Thanks ill tell my wife! Bahahahaba!!


----------



## FrankwT (Jul 25, 2010)

So tell us how it worked and accuracy,ammo you used, recoil, I have heard nothing but good about them. I run the KT P3AT for the size and weight and only need 1 pocket gun but want to hear anyway.


----------



## K-Bill (May 14, 2009)

hey joe does the laser come already sighted in? i've wondered about that with these guns.


----------



## CHUMM BUCKET (Jul 2, 2008)

*s&w body guard*

i shot win fmj 95 grain 

i was at the farm and set up some cans while taking a break from cutting new food plots. not real sure on accuracy from just shooting at a couple cans. the gun felt great unlike some of the other compact 380`s i have shot. 

as far as the laser goes, it seems to be close but i didn`t mess with it much. i am going to take some real targets this weekend and do a little more serious shooting so we will see how accurate i/the gun is.

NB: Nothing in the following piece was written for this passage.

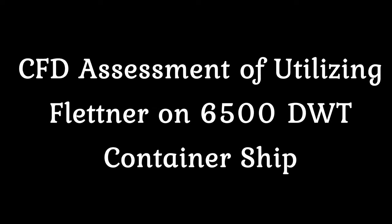CFD Assessment of Utilizing Flettner on 6,500 DWT Container Ship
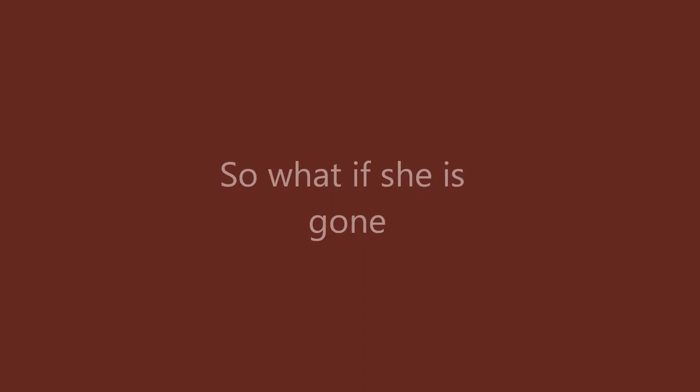Enough of this self-denial. I won't put myself on trial. So what if she is gone?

oh and t-rex, don`t worry about telling your wife about my gun. she likes how all of my "guns" perform.


----------



## T-REX (Mar 1, 2011)

Yea she said you had a small caliber though with little to no recoil an she preferred my big caliber!!!!!


----------



## CHUMM BUCKET (Jul 2, 2008)

*your "big" caliber*

yeah i saw your "big" caliber sitting the night stand. thats just sick!


----------



## Pierce07 (Nov 13, 2007)

So any update on the gun? Did they work out the firing pin issue? How many rounds have you put through the gun?

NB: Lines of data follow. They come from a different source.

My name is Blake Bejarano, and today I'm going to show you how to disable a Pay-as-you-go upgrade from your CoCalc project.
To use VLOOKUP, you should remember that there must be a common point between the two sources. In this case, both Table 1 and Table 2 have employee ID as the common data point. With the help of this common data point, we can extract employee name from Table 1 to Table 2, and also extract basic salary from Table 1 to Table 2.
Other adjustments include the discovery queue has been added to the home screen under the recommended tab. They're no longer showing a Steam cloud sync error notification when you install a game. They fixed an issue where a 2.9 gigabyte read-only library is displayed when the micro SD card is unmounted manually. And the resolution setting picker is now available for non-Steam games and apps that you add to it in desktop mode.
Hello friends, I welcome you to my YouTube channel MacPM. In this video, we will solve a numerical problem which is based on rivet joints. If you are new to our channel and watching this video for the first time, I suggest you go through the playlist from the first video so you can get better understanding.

I'm wanting to get one just wanted to make sure the new batch doesn't have any problems.


----------



## user207 (Oct 1, 2007)

I had one come in today if anybody is interested.


----------



## CHUMM BUCKET (Jul 2, 2008)

*firing pin?*



Pierce07 said:


> So any update on the gun? Did they work out the firing pin issue? How many rounds have you put through the gun?
> 
> I'm wanting to get one just wanted to make sure the new batch doesn't have any problems.


 
i am unaware of any firing pin issue. i still havent put a ton of rounds thru it but i have had zero problems with it. i reccomend the gun highly.


----------